O manifesto da Faca afirma que o Paraná possui hoje o quinto maior Produto Interno Bruto (PIB) entre os estados do país, o maior no sul do Brasil, que tem a sexta maior economia do planeta. No entanto, o investimento no audiovisual paranaense é irrisório, sobretudo se comparado ao que se observa em outros estados.

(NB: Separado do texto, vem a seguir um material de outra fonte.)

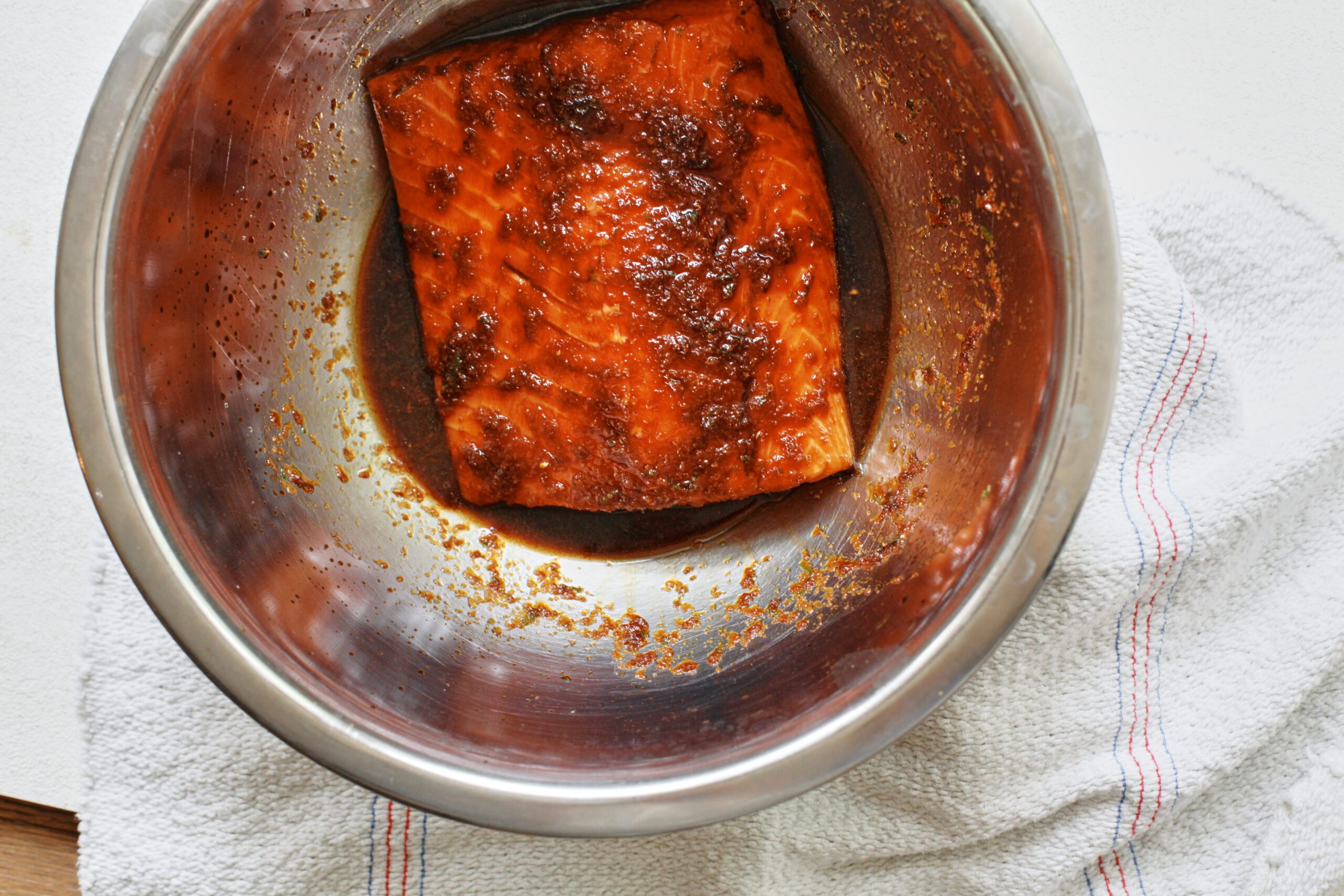 salmon marinating in a bowl
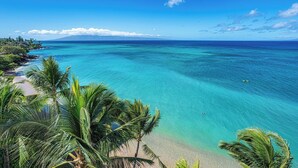 A tropical beach with clear turquoise waters, palm trees, and a distant mountain. - MILLION DOLLAR VIEW!!  2 BDRM OCEANFRONT CONDO WEST MAUI. NEW AC IN EVERY ROOM. (Lahaina)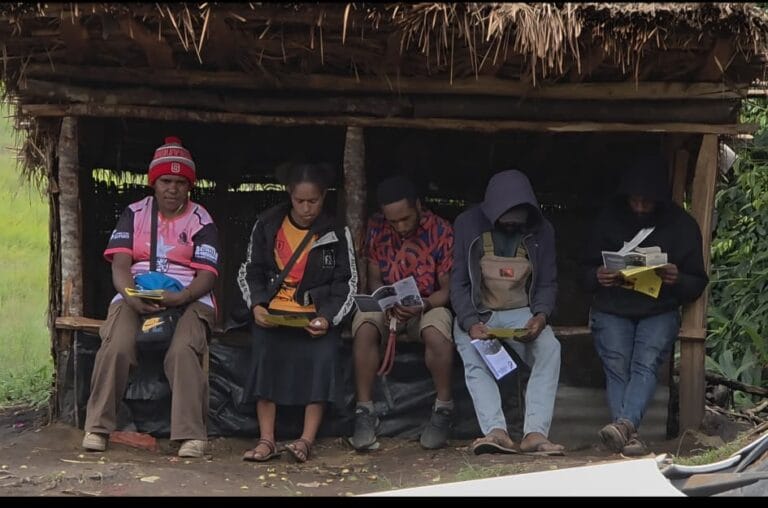 A young man reading the information paper on cervical cancer attentively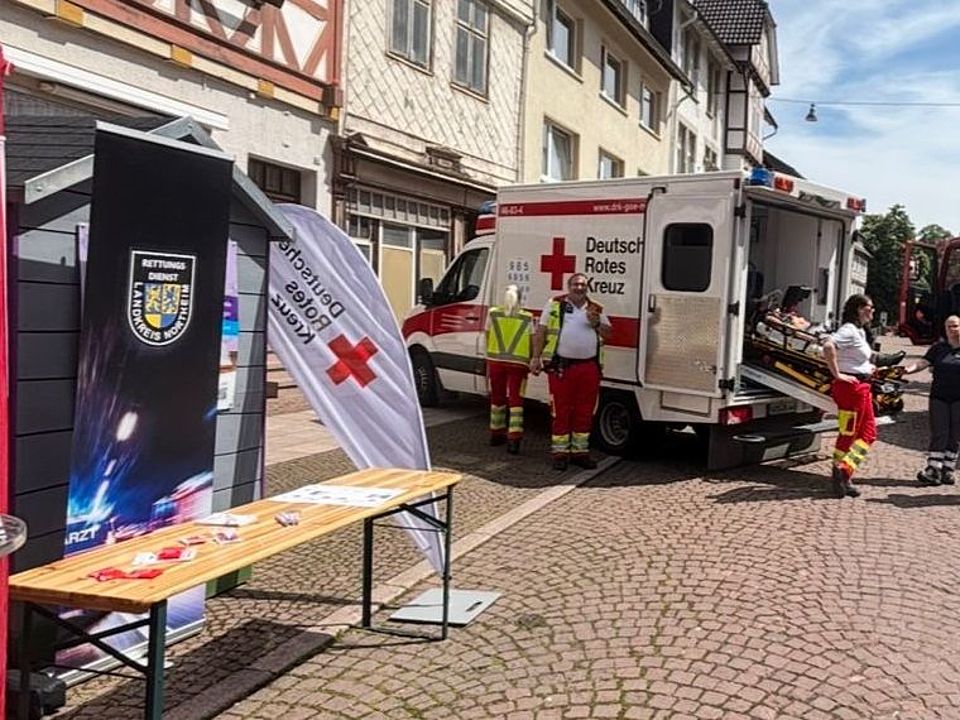 DRK-Infostand neben Rettungswagen beim Bienenmarkt Uslar in der Altstadt
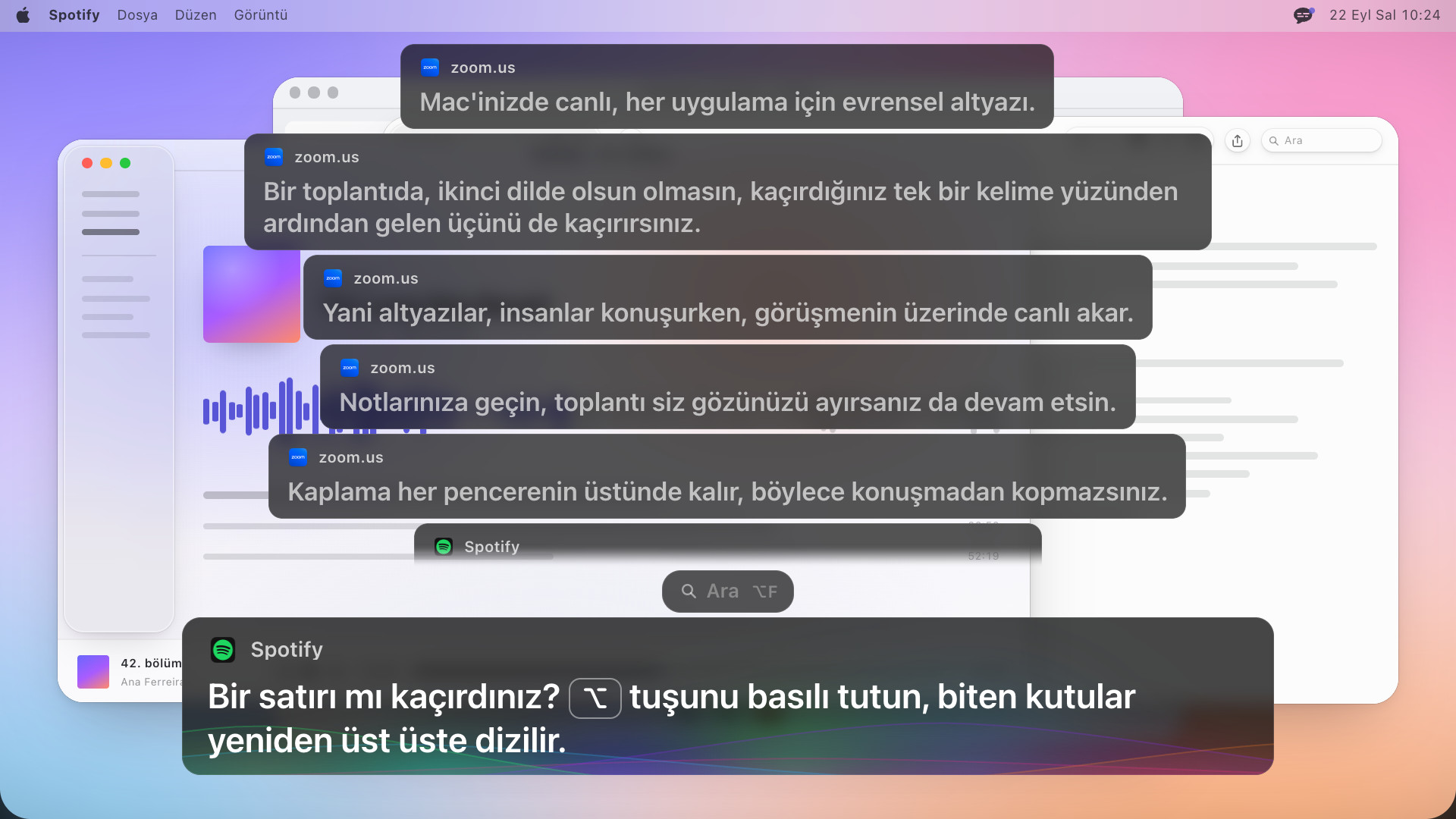 Güncel kutunun üstüne dizilmiş dört önceki altyazı kutusu, en üstteki silikleşiyor; en yenisinde İngilizce şu yazıyor: Missed a line? Hold Option to rewind: every caption that closed stacks back up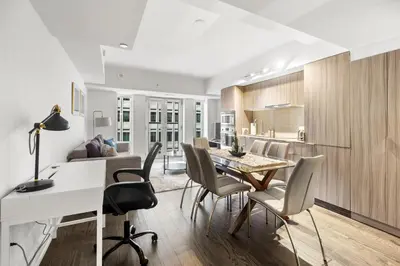 a kitchen and dining room with a table and chairs at Modern 1Bd & Den in Downtown Toronto in Toronto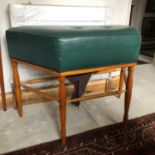 A pair of leather upholstered stools, on turned legs, 97 cm wide x 66 high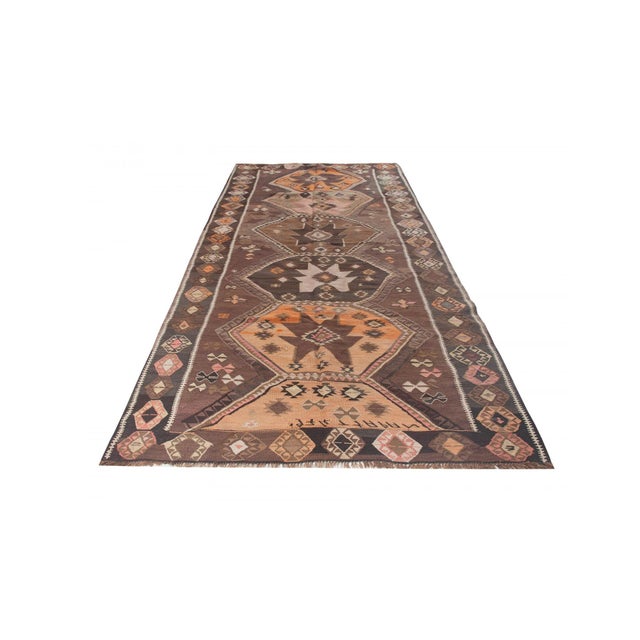 Vintage handwoven decorative kilim rug from Kars region of Turkey. Approximately 50-60 years old. In very good condition.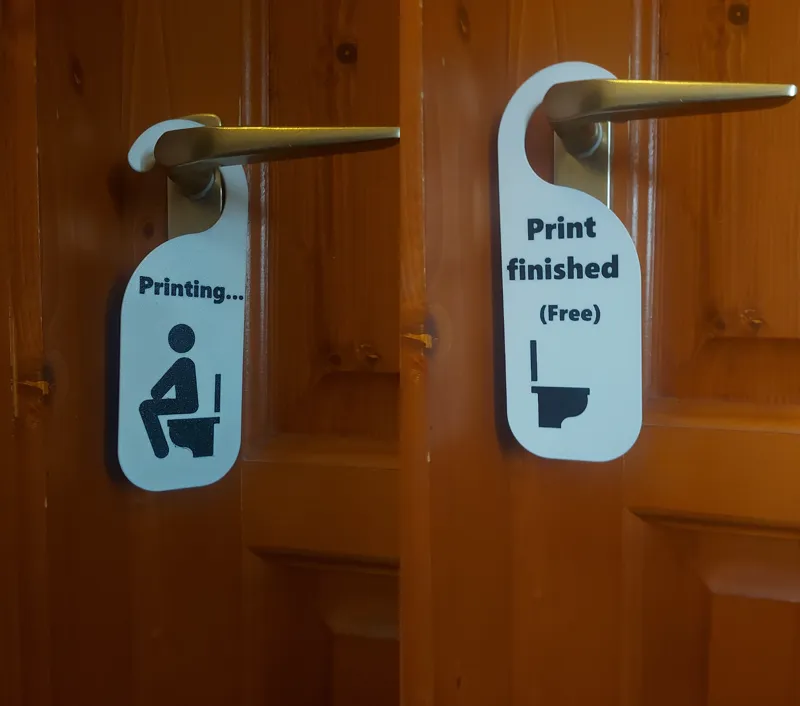 Toilet door hanger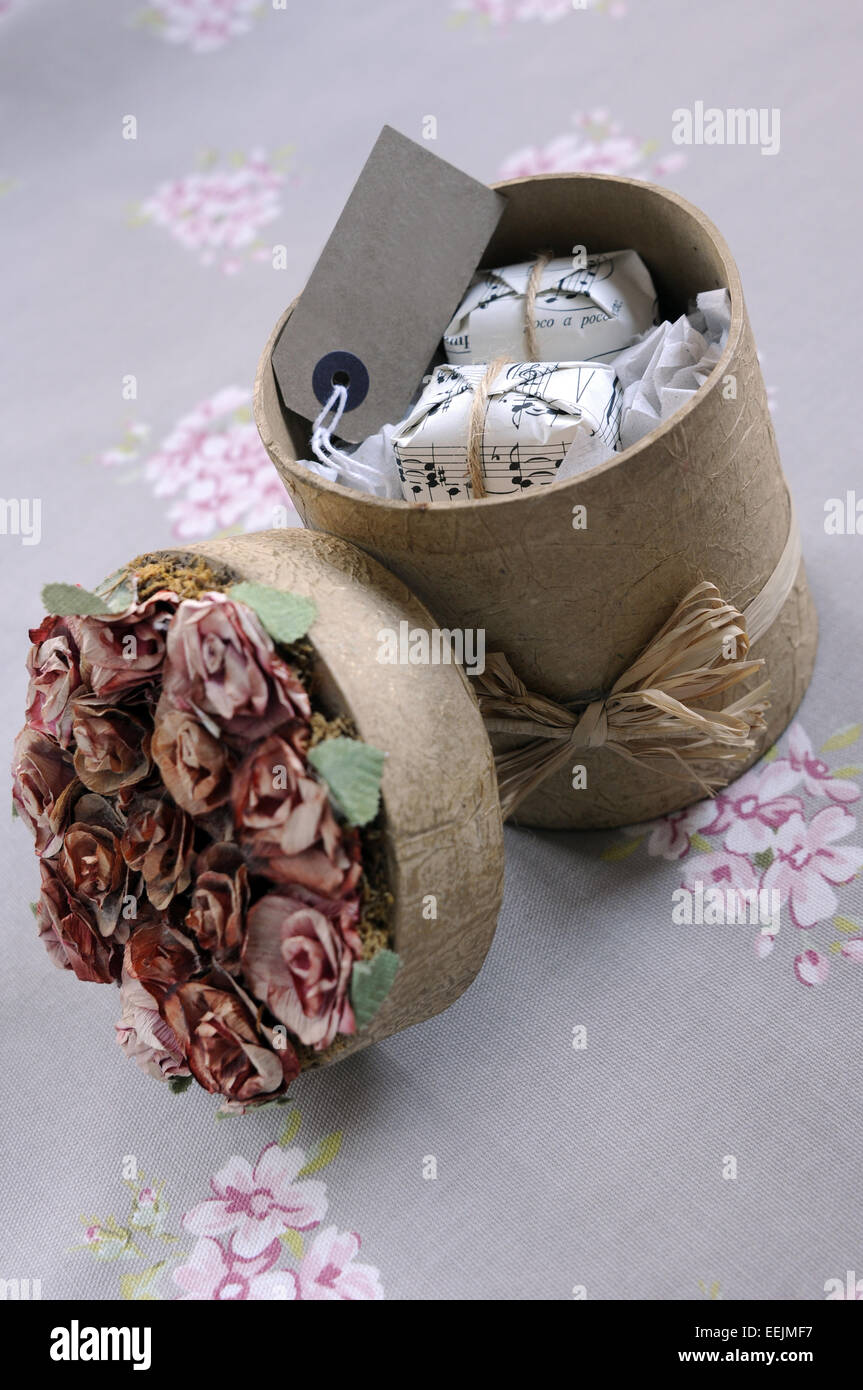 pretty round vintage style gift box with presents Stock Photo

Pernambuco, que tem a metade do PIB do Paraná, investiu em apenas dois anos em torno de R$ 20 milhões distribuídos em uma série de editais. “É mais do que os últimos três governos estaduais paranaenses juntos”, diz a produtora Diana Moro, vice-presidente do Sindicato da Indústria do Audiovisual no Paraná (Siapar), também organizadora do movimento. Em Minas Gerais, o montante investido foi de R$ 17 milhões em 2013; na Bahia, de R$ 8 milhões; e, em Santa Catarina, de R$ 5,5 milhões.


3 comentários

  1. Perseu Guido 21
    sábado, 14 de dezembro de 2013 – 12:40 hs

    Apoiado !!!

  2. Pedro Rocha
    sábado, 14 de dezembro de 2013 – 14:08 hs

    Taí uma área que adora mamar em generosas tetas públicas.
    Se eles cobrassem um pouco menos pelos respectivos trabalhos, em vez de considerar cada peça produzida uma valiosa obra de arte, por mais singela que for, e por ela cobrar fortunas por míseros trabalhos destituídos de maiores técnicas ou conhecimento.
    Essa é a legítima FACA NO PEITO.

  3. segunda-feira, 16 de dezembro de 2013 – 16:40 hs

    Sr. Pedro Rocha, tenho certeza que as suas conclusões se devem por algum caso realmente isolado, afinal trabalhos “destituídos de técnicas e conhecimento” não deveriam ganhar prêmios lá fora, não é? Além do mais, a área do audiovisual, em geral, cobra muuuita fortuna pelo seu trabalho, pois neeeem é uma área que envolve uma equipe grande de execução e muuuito menos equipamentos que são pagos por um preço justíssimo, afinal esses são produzidos lá fora e o custo dos impostos (os mesmos que poderiam financiar melhor esses trabalhos) para serem importados possuem também um valor beeeem decente. E claro, é uma área que adooora mamar em generosas tetas públicas, afinal dinheiro público deveria mesmo ser destinado somente para a boa vida dos políticos e seus jantares milionarios, e seus incontáveis assistentes dos assistentes fantasmas… Já o cinema, cultura.. Isso não precisa, não é? Afinal, é superfluo! Temos mesmo que acabar com dinheiro público pra cultura! Pessoas com a sua visão não conseguem ver que sem incentivo, não há como termos autonomia para criar no Brasil uma Indústria do Cinema, onde há também a possibilidade óbvia não só de geração de emprego e de “existirmos” lá fora, mas também de mostrar QUEM SOMOS. E nessa coisa de não saber “quem somos”, não me surpreende que a política de cultura no Paraná seja tão defasada, pois historicamente fomos tão somente “o que há entre o RS e SP”. Você acredita mesmo que um dia vamos conseguir ter uma identidade cultural enquanto houver essa idéia sem fundamento que “só queremos mamar na teta do governo”? Pense nisto, amigo!